The experience of the 2000s, during which a commodities boom driven by the rapid industrialisation of China prompted mining groups to pursue growth at the expense of shareholder value, demonstrated that both governments and shareholders suffered as a result of overvaluation and misplaced incentives. Write-downs at BHP, Rio Tinto, and Anglo American during 2012 to 2016 alone exceeded $50 billion and attest to the fact that capital was being inefficiently allocated on a systemic scale. Dobbs et al. (2013) found that mining was one of the lowest-performing sectors globally on a measure of ROIC relative to cost of capital, a function of poor capital governance.

The investor backlash that ensued led to a structural recalibration of the industry, where capital expenditure was cut throughout the industry, balance sheets were strengthened, and the focus on free cash flow became the new norm. According to Humphreys (2015), the recalibration of the industry signaled not just a cyclical response but also represented a fundamental philosophical shift in the thinking of mining industry executives around asset management. As such, dividend growth and share repurchases became the new metrics of success, replacing volume growth as the primary metric of success in the mining industry, a phenomenon that is supported by the empirical evidence of FTSE 350 mining companies from 2014 to 2019.

However, since 2021, the intensifying need to source critical minerals in support of the energy transition has started to erode this discipline. The projected demand for copper, lithium, cobalt, and nickel has led governments and automakers to encourage miners to step up supply, thus providing political cover for high capital expenditures to be incurred. Sovacool et al. (2020) have already warned that the urgency narrative used to justify green metal supply chains may replicate the strategic rationale failings of the last supercycle in prioritizing volume security over financial discipline. In fact, merger and acquisition (M&A) premiums in mining have risen substantially between 2022 and 2024, with deals like BHP’s attempt to acquire Anglo American and Glencore’s effort to acquire Teck Resources redolent of pre-2012 consolidation trends. The lithium price crash in 2023–2024 after a spate of overinvestment has been an early and circumspect validation of these concerns (Herrington, 2021).
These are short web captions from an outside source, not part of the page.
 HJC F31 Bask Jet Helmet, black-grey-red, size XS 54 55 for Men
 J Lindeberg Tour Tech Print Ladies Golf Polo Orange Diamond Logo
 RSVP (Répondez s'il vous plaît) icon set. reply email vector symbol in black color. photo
The evidence points to the fact that capital discipline in the mining industry is currently under significant pressure, though not completely lost. The balance sheet position remains stronger than in 2012, and institutional investors continue to apply pressure through their ESG and dividend models. However, the story of the energy transition offers a new ideological rationale for high levels of spend, and this should be questioned. The question remains to be seen whether the industry will pass the final test of discipline in the upcoming cycle peak.

References

Dobbs, R., Oppenheim, J., Kendall, A., Thompson, F., Bratt, M., & van der Marel, F. (2013). Reverse the curse: Maximizing the potential of resource-driven economies. McKinsey Global Institute.
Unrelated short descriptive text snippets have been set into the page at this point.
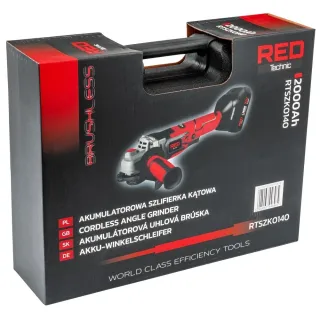 Акумулаторен ъглошлайф с аксесоари RED TECHNIC RTSZK0140/ 21V/ 2х2Ah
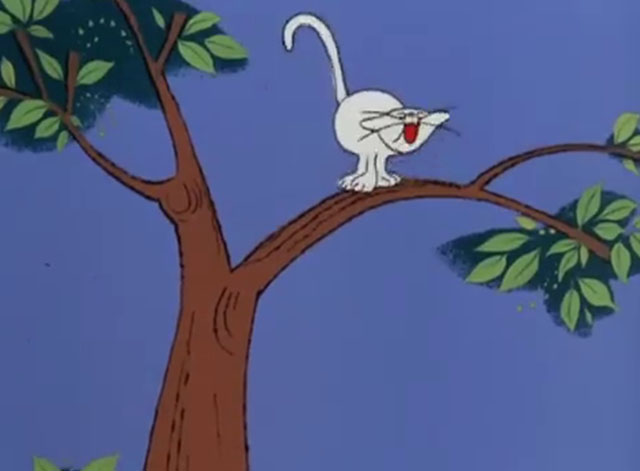 Super Pink - white cartoon cat in tree meowing
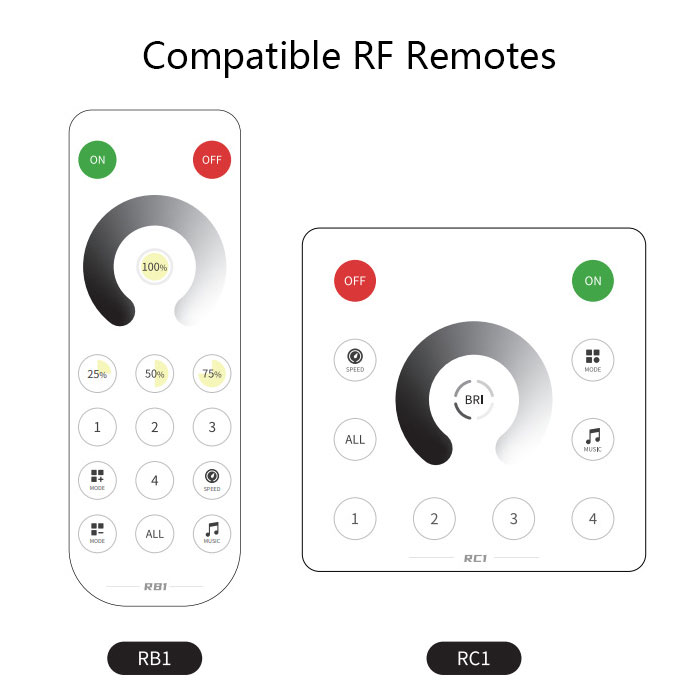 DC5-24V SP636E Bluetooth, RF a hudební tekoucí vodní LED páskový ovladač DC5-24V SP636E Bluetooth, RF a hudební tekoucí vodní LED páskový ovladač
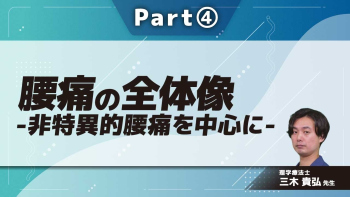 腰痛の全体像-非特異的腰痛を中心に-  Part④腰痛の全体像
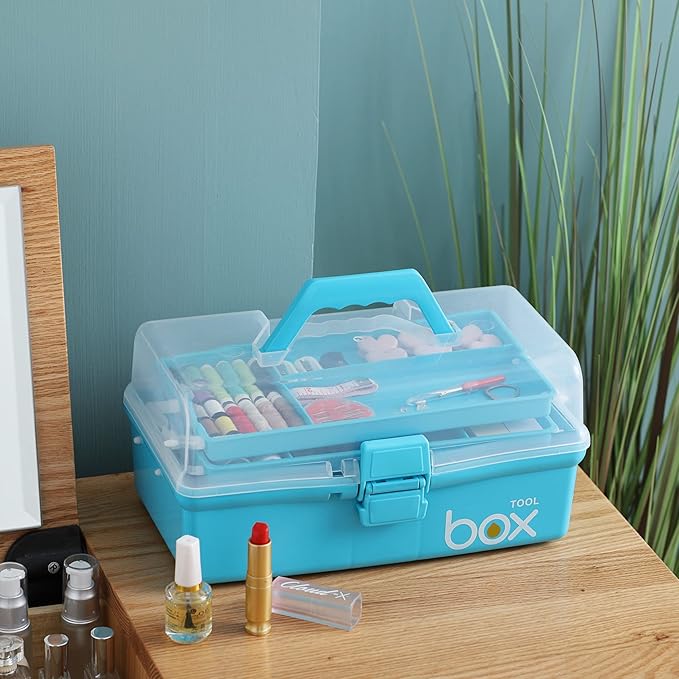 12'' Three-Layer Clear Art Box Organizer, Multipurpose Plastic Craft Box with Handle (Blue)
Herrington, R. (2021). Mining our green future. Nature Reviews Materials, 6(6), 456–458. https://doi.org/10.1038/s41578-021-00325-9

Humphreys, D. (2015). New mercantilism: A perspective on how the politics of resource security is changing mining investment. Resources Policy, 45, 136–142. https://doi.org/10.1016/j.resourpol.2015.03.011

Sovacool, B. K., Ali, S. H., Bazilian, M., Radley, B., Nemery, B., Okatz, J., & Mulvaney, D. (2020). Sustainable minerals and metals for a low-carbon future. Science, 367(6473), 30–33. https://doi.org/10.1126/science.aaz6003

Is capital discipline actually getting worse in mining?